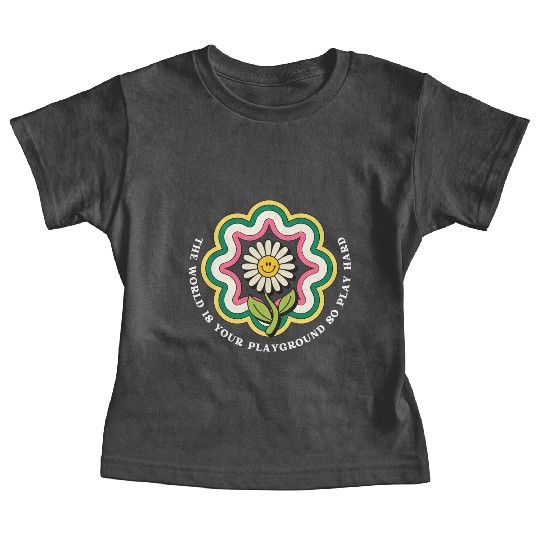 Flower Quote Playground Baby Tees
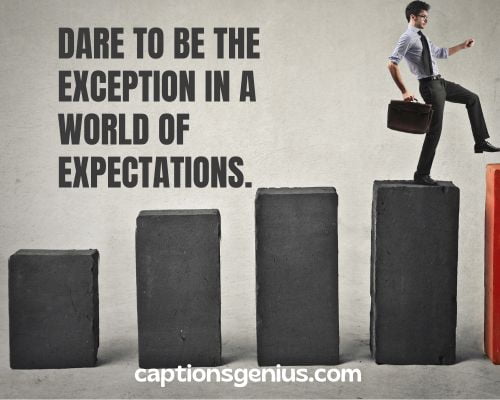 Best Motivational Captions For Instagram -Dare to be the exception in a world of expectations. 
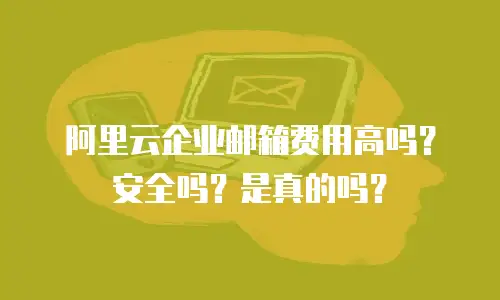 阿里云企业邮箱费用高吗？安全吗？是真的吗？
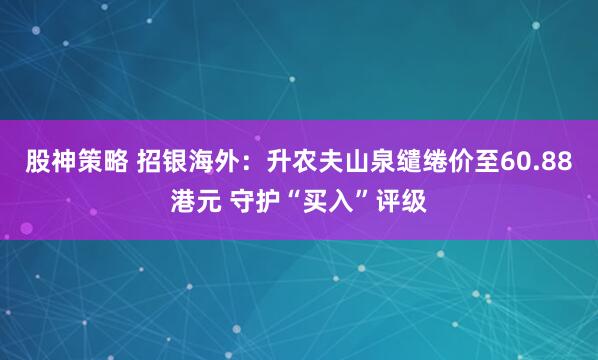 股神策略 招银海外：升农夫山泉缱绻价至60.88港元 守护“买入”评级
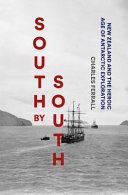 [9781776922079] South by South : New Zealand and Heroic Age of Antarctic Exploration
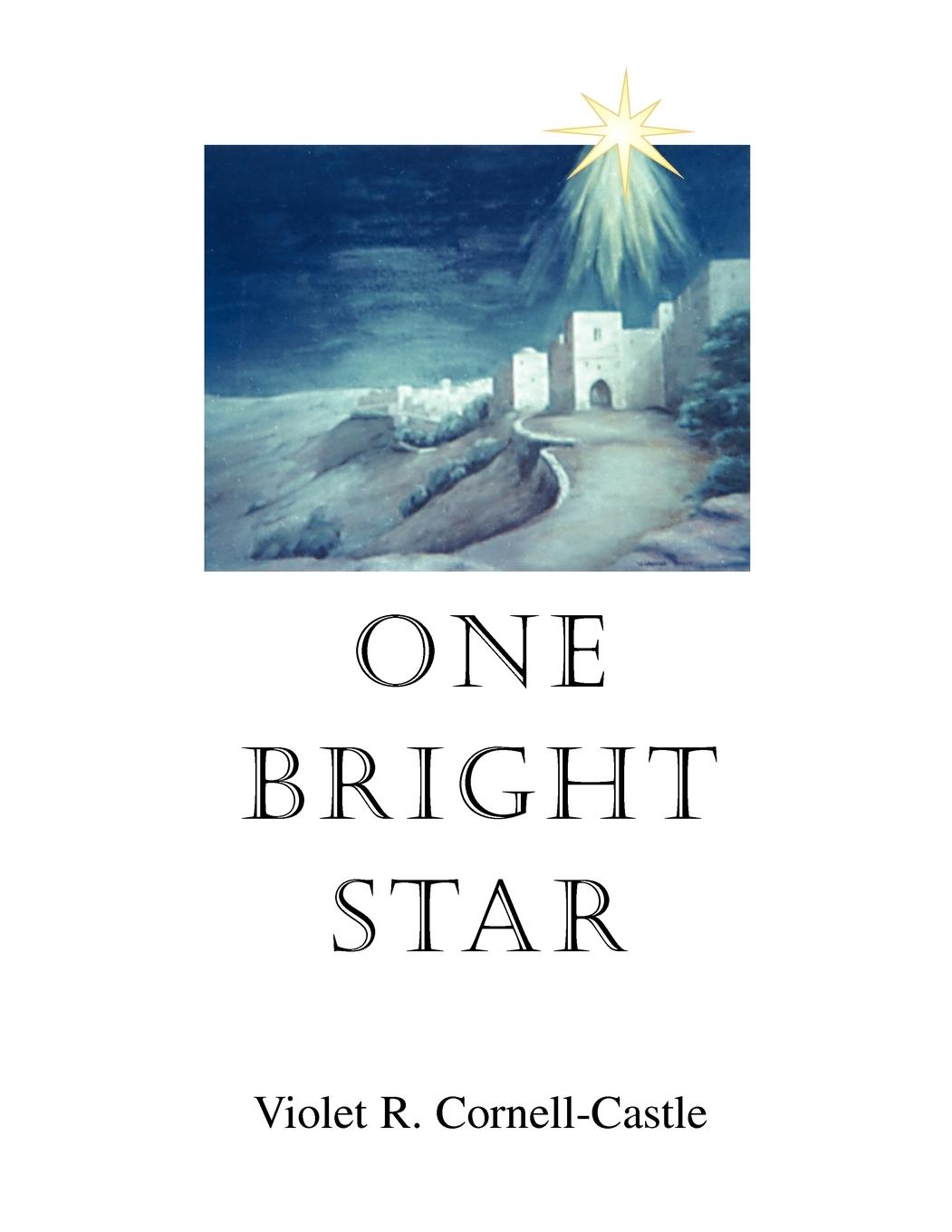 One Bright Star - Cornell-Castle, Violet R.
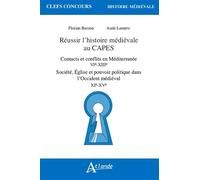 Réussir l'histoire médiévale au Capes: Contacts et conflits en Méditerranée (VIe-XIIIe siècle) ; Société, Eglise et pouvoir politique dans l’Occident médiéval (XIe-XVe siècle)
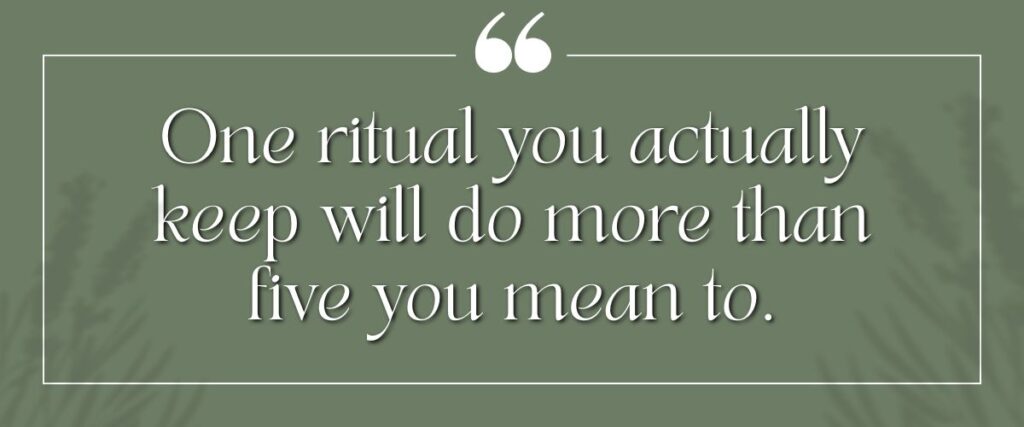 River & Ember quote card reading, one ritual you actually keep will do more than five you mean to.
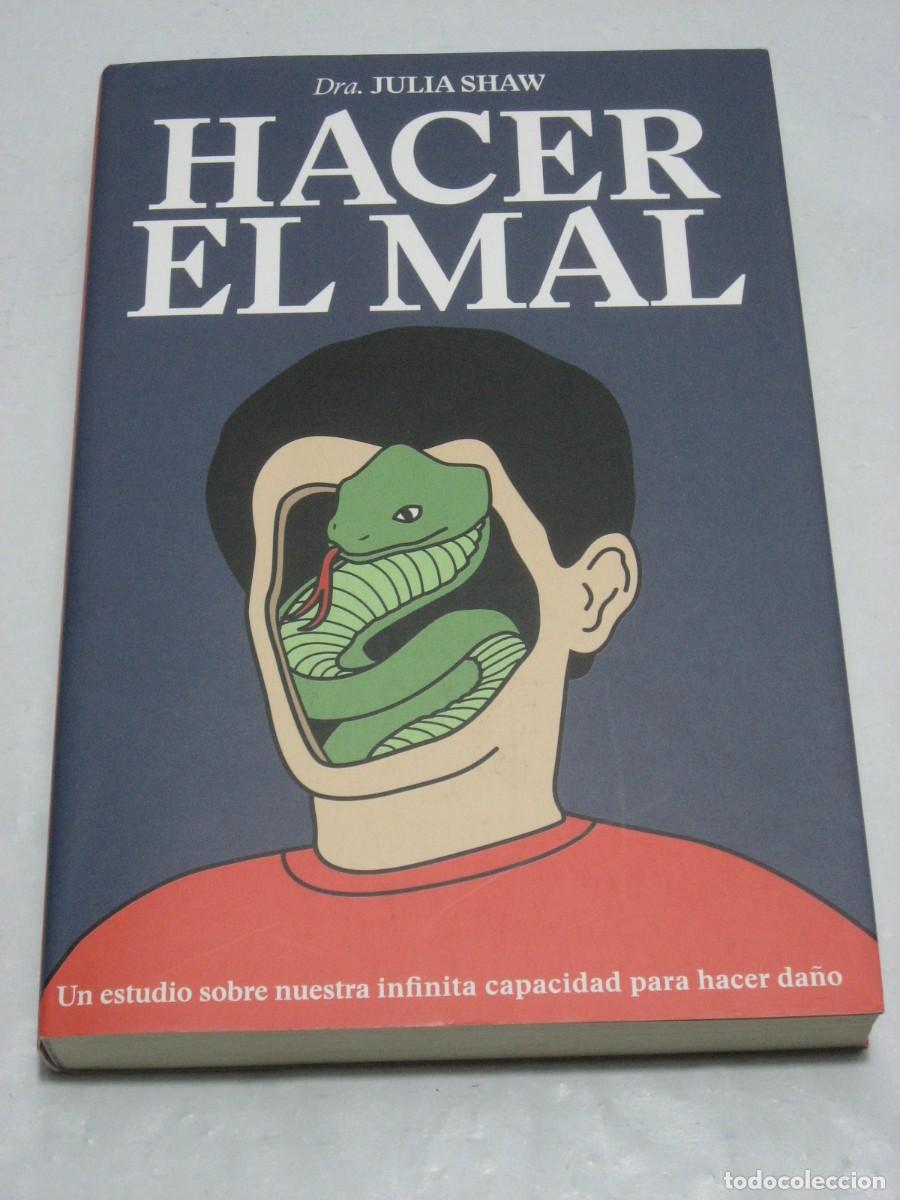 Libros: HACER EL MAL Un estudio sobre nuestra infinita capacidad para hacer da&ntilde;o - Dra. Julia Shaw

---

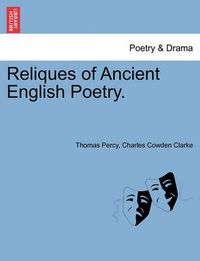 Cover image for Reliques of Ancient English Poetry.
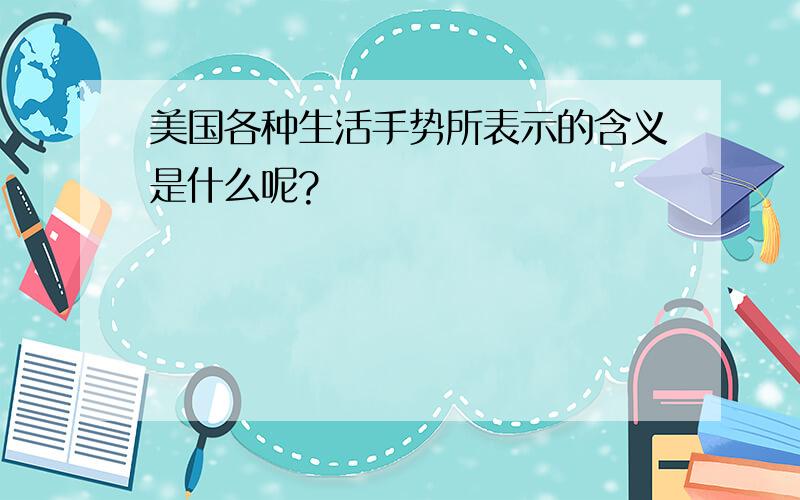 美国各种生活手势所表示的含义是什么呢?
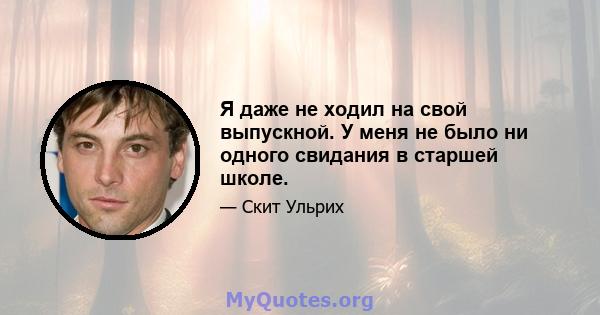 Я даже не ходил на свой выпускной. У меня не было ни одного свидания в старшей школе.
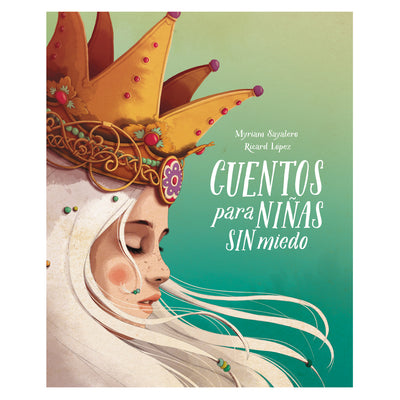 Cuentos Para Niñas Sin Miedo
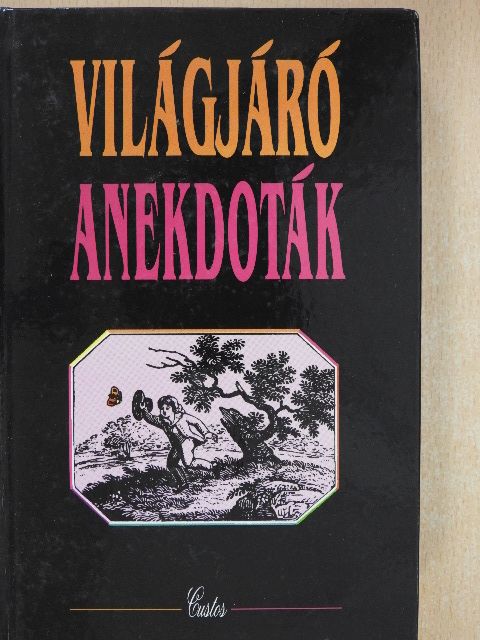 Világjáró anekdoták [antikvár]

--

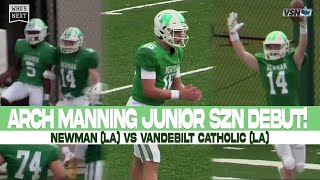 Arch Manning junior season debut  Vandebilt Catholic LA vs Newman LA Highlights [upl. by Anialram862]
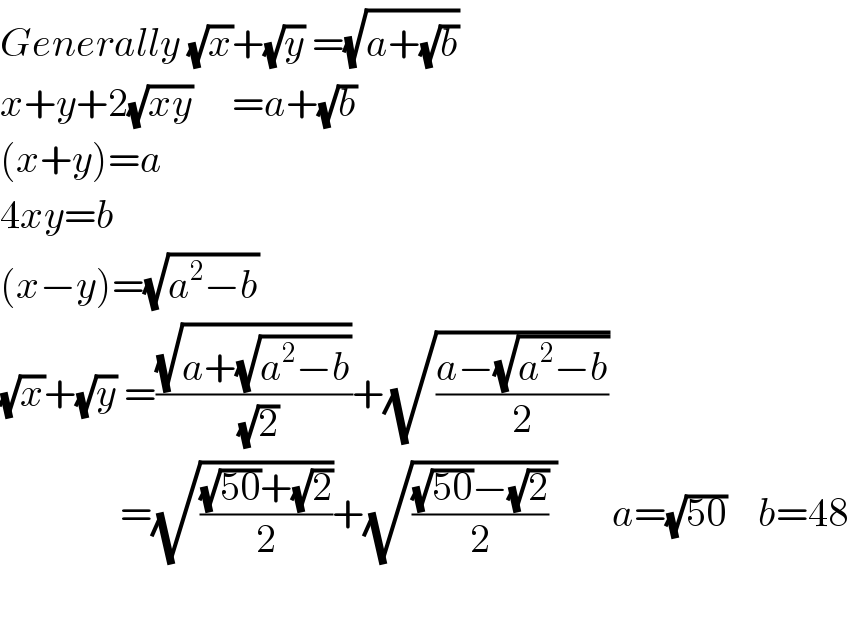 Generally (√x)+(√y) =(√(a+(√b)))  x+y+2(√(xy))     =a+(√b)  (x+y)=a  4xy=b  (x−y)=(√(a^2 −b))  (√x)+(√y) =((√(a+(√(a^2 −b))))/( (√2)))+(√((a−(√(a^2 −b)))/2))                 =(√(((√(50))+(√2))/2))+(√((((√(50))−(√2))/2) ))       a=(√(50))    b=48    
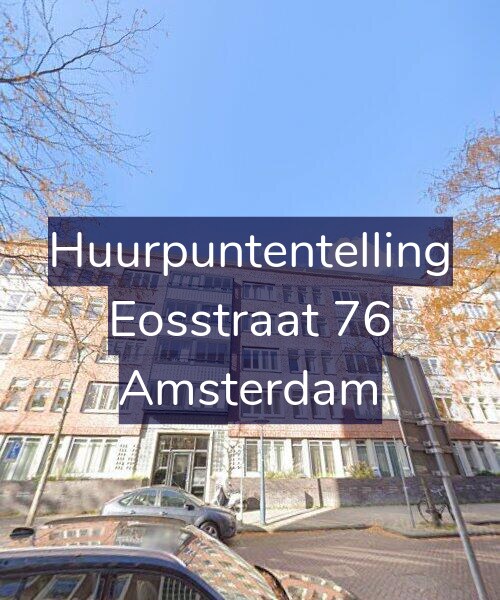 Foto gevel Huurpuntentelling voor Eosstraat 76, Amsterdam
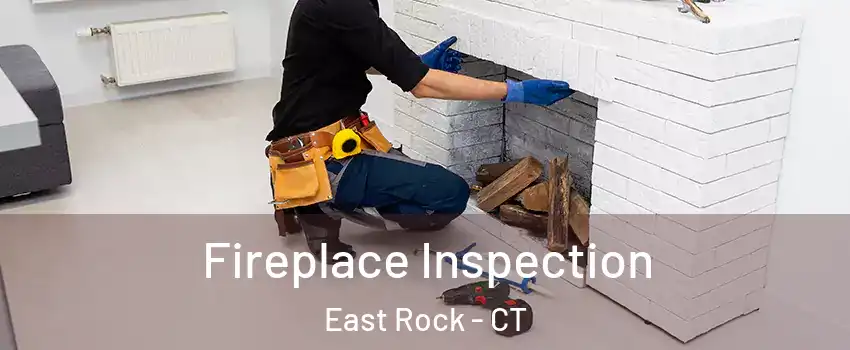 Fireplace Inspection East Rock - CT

#### Work instruction:
Exactly the lines starting at the one above with "Foto gevel Huurpuntentelling" and ending at the one with "Fireplace Inspection East Rock - CT" should be printed, and nothing else. Omit the pictures.

#### Solution for this task:
 Foto gevel Huurpuntentelling voor Eosstraat 76, Amsterdam
 Fireplace Inspection East Rock - CT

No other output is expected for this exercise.